The current scoreboard at Melvindale High School will be replaced this summer, paid for by drug forfeiture funds collected by the Melvindale Police Department. The new scoreboard will be slightly bigger and include an anti-drug message along the bottom.
By CHRIS JACKETT
Sunday Times Newspapers
MELVINDALE – Local children are benefiting the most from drug forfeiture funds the Police Department received from a $1.2 million July 2009 semitrailer bust.
The department was awarded $1.08 million by Wayne County Prosecutor’s Office in November and already is working to create programs that build better relations between officers and area young people while spreading an anti-drug message.
Four uses of the forfeiture funds are in place, the most noticeable of which will be Melvindale High School’s new stadium scoreboard.
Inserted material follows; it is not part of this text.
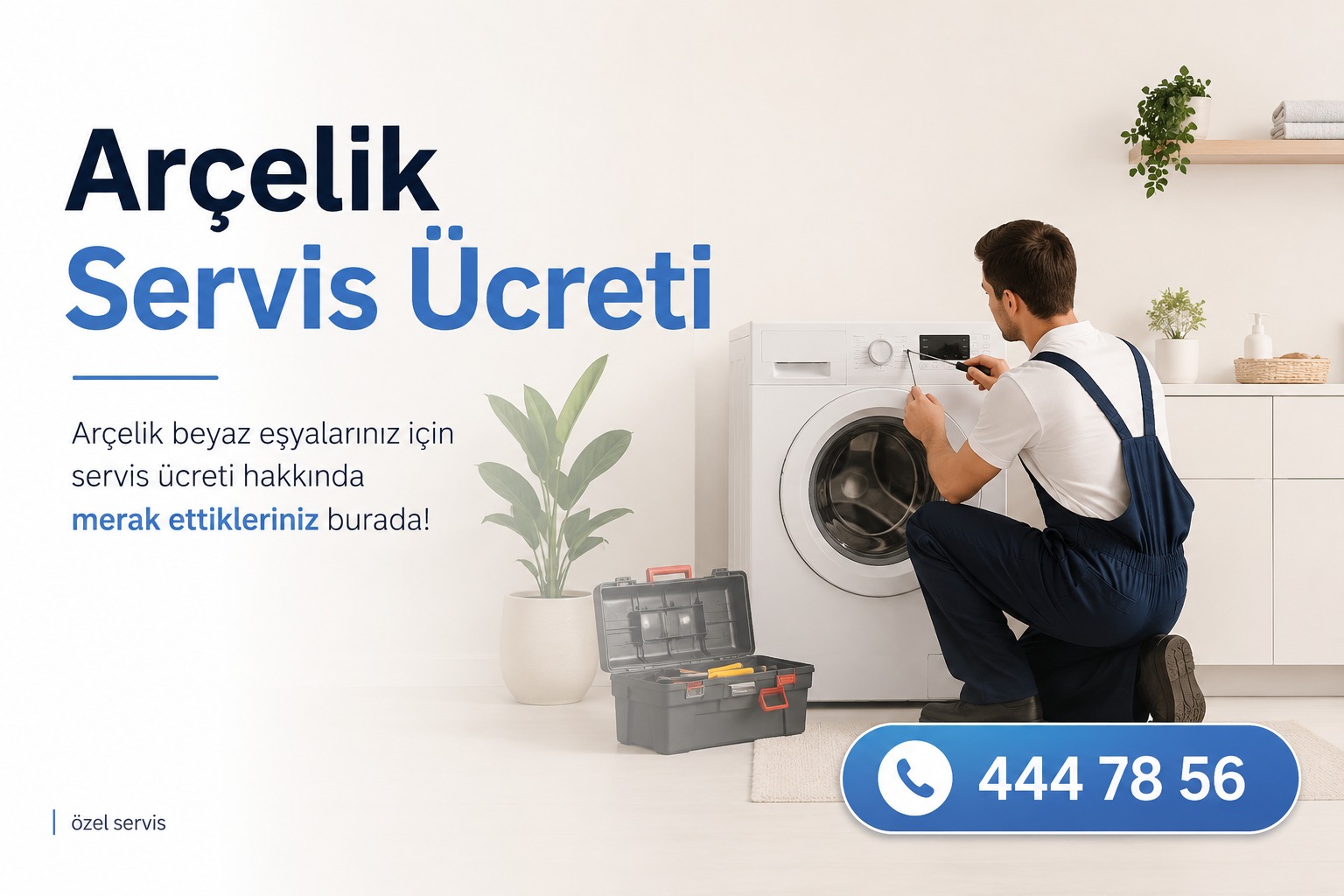 Arçelik Servis Ücreti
“Just a scoreboard with an anti-drug message and our logo,” Police Chief Rick Cadez said. “We’re hoping that it’s (up) before the football season.”
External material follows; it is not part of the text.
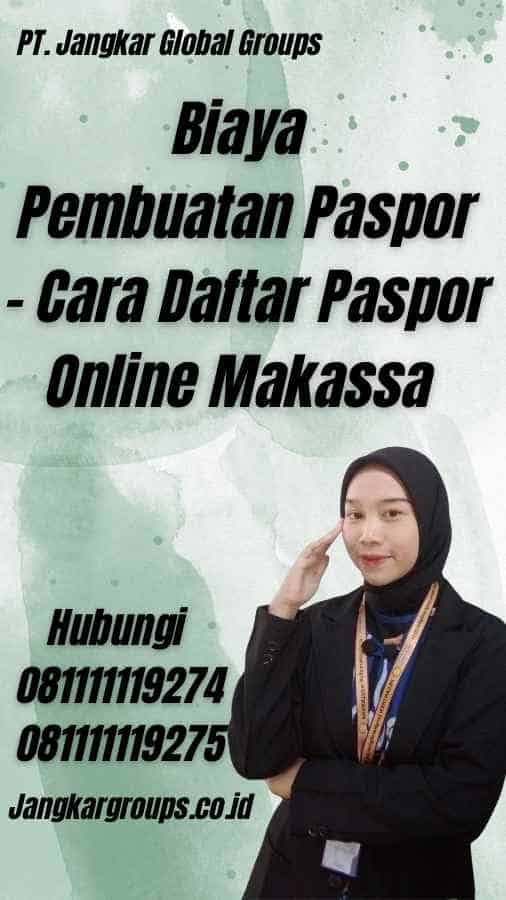 Biaya Pembuatan Paspor - Cara Daftar Paspor Online Makassa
The new scoreboard will be similar to the current one, but a little bigger. It will feature the Police Department’s logo in the lower left corner, along with a message expected to read “Say yes to life, say no to drugs” printed along the bottom.
The new scoreboard will take a few weeks to install; the cost of nearly $13,000 will come from forfeiture funds.
Also expected to be constructed this summer is a new $50,000 four-lane gun range below the police station to replace the current four-lane range in the same location.
“We’re tearing the old one out and putting the new one in,” Cadez said.
The first purchase with the drug forfeiture funds was a Ford Mustang patrol vehicle in March, Cadez said. The Mustang is used primarily to help the department’s community patrol office connect with children in Melvindale-Northern Allen Park Public Schools.
“Get the kids comfortable with the police, that’s our goal,” Cadez said.
One of the most visible uses of the drug forfeiture funds this summer is the community pool between the station and the high school, which typically costs $2 per day to use.
The fund will support a program this summer that will open the pool for free to all public school-aged children, including nonresidents, from 1 to 6 p.m. Wednesdays.
An officer also will give drug education lectures from 1 to 3:30 p.m. Wednesdays at the pool to support the “Jump into the pool, not into drugs” program.
“Just trying to connect with the kids,” Cadez said.
Once the city’s new skate park opens near the pool at the end of this month or in early August, department officials expect to use the forfeiture funds for a sign there as well, Cadez said.